It’s My Birthday and I’ll Snark if I Want To

I turned 60 today.  I know, right?

I was raised in a very large, multigenerational family of Democrats, in the bluest of Blue states.  It’s my heritage; it’s who I am.  Despite that, I was often told that I’d naturally become more conservative as I grew older, because that’s what people do.  Sixty years on now and I’m still wondering when that day will occur.

Nothing is preordained.  We are the authors of our own life stories.  We determine our stories will end.  Our choices matter.  Our beliefs and convictions matter, and should not be so easily discouraged just because people say that’s what happens when time marches on.  So here are a few convictions of my own.  My blog, my birthday.

I believe the spark of divinity dwells in us all, regardless of politics or worldview.  Regardless of identity, ethnic heritage, where they come from, or who they choose to love; monogamous or poly; trans, gender fluid, or cis.  Our ultimate goal is to come together–as one people–not divide ourselves farther than we already are.  We only have this one planet.  It’s not very big, but there’s room for us all.

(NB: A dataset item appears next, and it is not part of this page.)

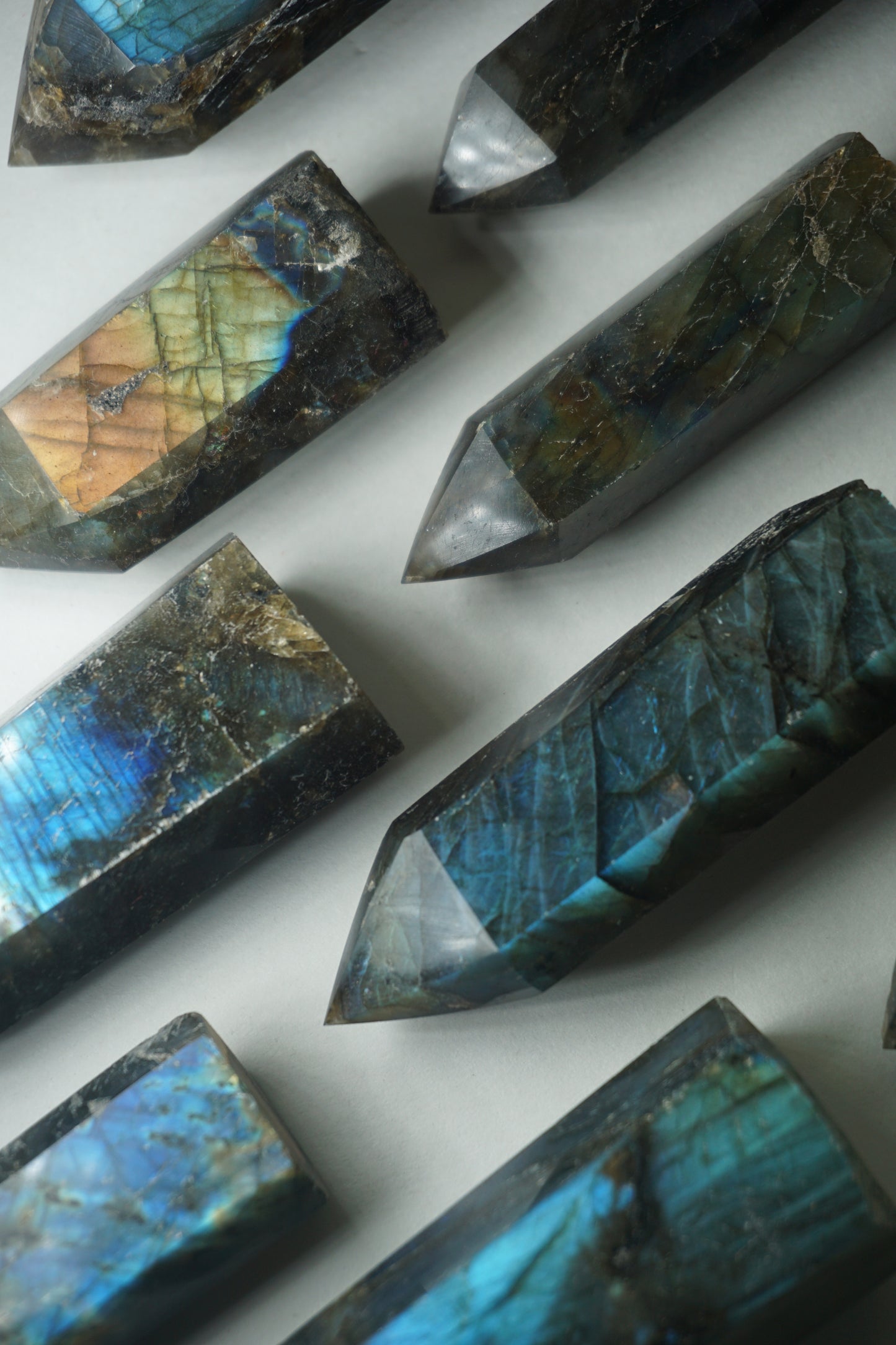 Labradorite: A mesmerizing and iridescent crystal known as the "Stone of Magic," captivates with its play of colors that shift and shimmer when viewed from different angles.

I believe in and fully support the 2nd Amendment.  I also believe there is no earthly reason for the private ownership of assault-grade weaponry, whose sole purpose is to kill as many people as you can, as fast as you can.  There is nothing in the Constitution to suggest even remotely that this was the Framers’ intent.  Not one word.  Anyone who disagrees is invited to point out exactly where it does.  Take your time.  I’ll wait.

I believe that anyone who discriminates against an ethnicity or culture in the name of national security has lost sight of what it actually means to be an American, or have we learned nothing since the time our Greatest Generation imprisoned 120,000 Japanese-Americans in internment camps simply because they looked–wow–Japanese?

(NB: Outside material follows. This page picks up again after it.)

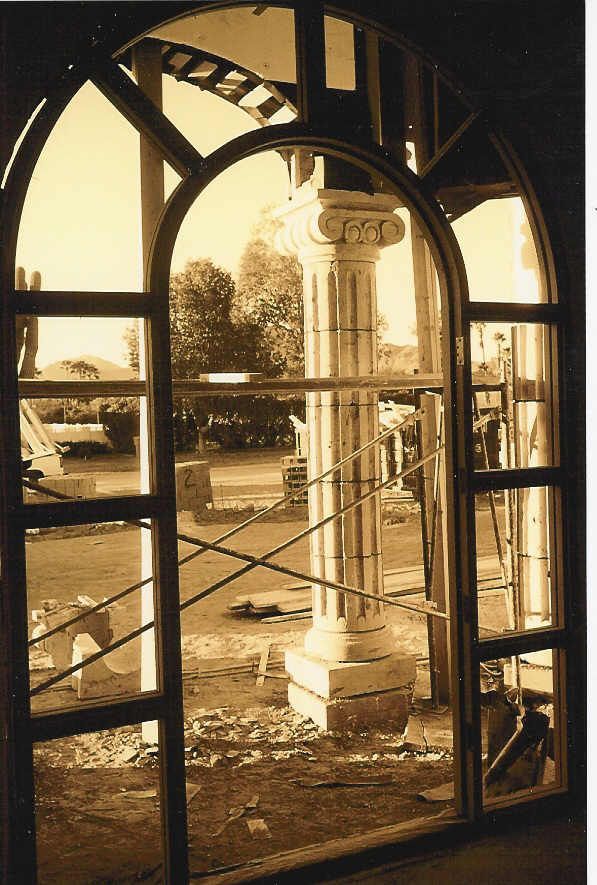 A black and white photo of a building under construction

I believe family-values evangelicals did themselves irreparable harm when they elected a president who openly refers to his daughter as a “nice piece of ass”, and boasts about grabbing women’s genitals.  How exactly do we justify that to our own daughters?  Our sons?  Our grandchildren?  How do we tell them this is okay?  Because clearly it is…  Church folk said so.

I believe refusing goods and services to anyone because of their sexual identity is not an exercise of religious freedom.  It’s just being a dick, and that’s not okay either.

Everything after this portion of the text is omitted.